In the article “What the Internet Knows About You and How to Protect Yourself: A Chat with Sarah Downey”, Jason Oberholtzer provides a number of quotes that reveal a startling yet widespread reality about Internet influenced research:

“With increased visibility and accessibility of records should be increased consumer control over how and where these records appear”

“…Data Mining and Background checks present a static, unbalanced, and often inaccurate picture of (an individual)”;

“The problem…with public records classification, is that it’s from a bygone time before the Internet. If you wanted to get a background check on someone back even 20 years ago, you would have to go to…the (government office) in person… It was a (physical) hassle, but that hassle protected people’s privacy”.

Privacy is not what it used to be and society will never go back to the way it once was. All of us, online investigators and internet users alike, must take the time to come to an understanding of what privacy is in the Information Age and make at the very least, reasonably informed decisions about what we are, and are not, willing to give up with a view towards an ever changing and arguably uncertain, digital future.

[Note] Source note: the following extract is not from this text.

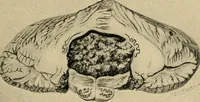 An illustration from Surgical diagnosis / by Edward Martin ... illustrated with 445 engravings and 18 plates in colors and monochrome. (1909)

Threats to (and from) Online Communities

In the article “LinkedIn is a hacker’s dream tool”, author Stacy Cowely describes how security tester and self described “hacker for hire” Ryan O’Horo created a fake Linkedin account and then used that account, carefully seeded with detailed information about the company he was targeting, to infiltrate that companies various online, confidential discussions. Within hours he was privy to sensitive information about the target company and it was days before suspicions were raised, and his account blacklisted. O’Horo proved an important point around the ease of acquiring information via deception and what is essentially “e-espionage”.

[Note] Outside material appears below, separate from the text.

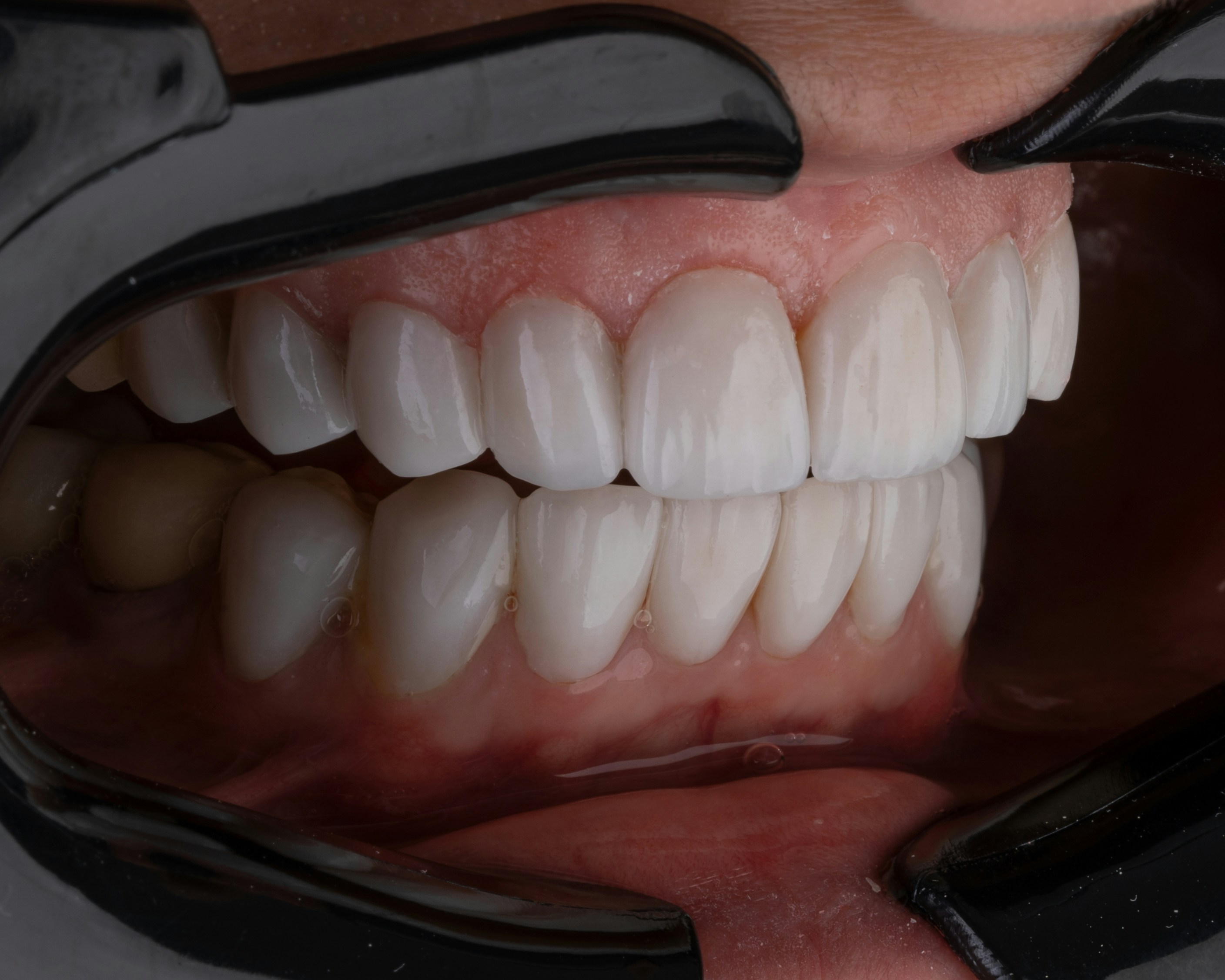 Lentes de Contato Dental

Clear guidelines must be in place to ensure that online investigators and researchers do not break the law and/or cross established ethical boundaries when conducting online their online activities. Conversely, security protocols must be established and continually monitored and maintained in order to resist e-espionage operations.

Information Silos

There is no such thing as an accessible omnipotent online database that can reveal everything about anyone and there will likely never be one supreme Social Network. But by exploring a wide variety of freely accessible online resources, or “Information Silos”, skilled researchers and investigators can weave together data to enhance overall intelligence profiles.

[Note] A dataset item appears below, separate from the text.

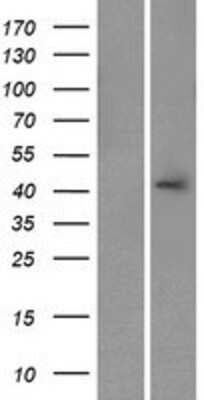 Western Blot: CALHM3 Overexpression Lysate (Adult Normal) [NBP2-09492] Left-Empty vector transfected control cell lysate (HEK293 cell lysate); Right -Over-expression Lysate for CALHM3.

Social networking site administrators from the leading Social Media Platforms do not hold teleconferences about limiting the digital footprint a mutual client leaves behind, and freely accessible Government databases would never be invited if these teleconferences actually existed. By understanding what an Information Silo is, an online researcher can find information by asking the right questions, coupled with using the appropriate research tools, to arrive at some meaningful answers.

The fundamental realization, is best stated by Adam Levin, CEO Criterion Capital Partners (and owner of social networking site Bebo), “…the more digital our society becomes, the less people value their privacy”.

Social Media is a communication tool that is an extension of the person or the organization that uses it. The glaring difference between traditional communication and Social Media is the potential lack of “face to face” interaction. Likely for many people, the challenge is the constant risk assessment to determine if who connects with you on a Social Media Platform is a trusted source, or a threat to you or your firm.

So how does one tackle the constantly evolving Internet while being handicapped by the “Usual Suspects”? Training – It’s that simple.

How do individuals maintain the perishable skill called “awareness” when E-Sleuthing? Government and Private Investigators, Policy Advisors, Employers and Executive Teams require timely relevant training in order to be truly effective and to best protect their overall interests.

Seek out necessary training. As the Internet evolves, so should your responsibility toward it.